「下道を使ったのは時間調整でしょ。運転手の間じゃよくあるよ。時間が余ってサービスエリアで停車してると、トイレとかで皆降り出しちゃって収拾がつかなくなる。面倒だからゆっくり下道で調整するんだ。好みは人それぞれで、ゆっくり走ると眠くなるから、バーッと走って長く止まって、という人もいるけどね」

 細かいルートは運転手個人の裁量で選んでいるのが現場の実態のようだ。

 事故があった深夜2時ごろ。車内は寝静まり、寝息が聞こえる。事故車は反対車線のガードレールを飛び出し、天井側から地面に落ちたとみられている。犠牲者の多くは頭蓋内損傷など、頭や首に強い衝撃を受けた痕跡があった。シートベルトも着けず、睡眠中で受け身もとれない中での惨事……背筋が寒くなる。
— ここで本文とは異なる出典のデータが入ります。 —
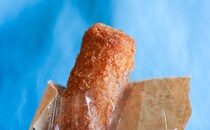 238円！“サクサクじゅわ～”なローソン新商品！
 次の休憩所で話しかけた別のバスの30代半ばの運転手は、こう証言した。

「下道は間違えて降りたか、高速に乗りそびれたのでは。2年前の大雪で車300台が足止めになった一件から、碓氷バイパスは危ないので運行ルートにするなって、うちの会社ではお達しがあった。事故は居眠りが原因じゃないか。あの辺は通過時間的にも眠くなるし、俺も今、眠いっすもん」

 昼間きちんと睡眠がとれているのか聞くと、いらついた様子でこう答えた。

「普通眠れないでしょ。普段は日中運行で働いて、急に『明日深夜ね』って言われても眠れないっすよ。バス運転手は年配の人が多くて、俺なんか圧倒的に若いから『深夜行って』って頼まれて、今日も寝てない。給料? 良いわけないじゃん。今すぐ辞めたいよ」

 そうはき捨てると、吸い殻を地面に捨て、バスに戻っていった。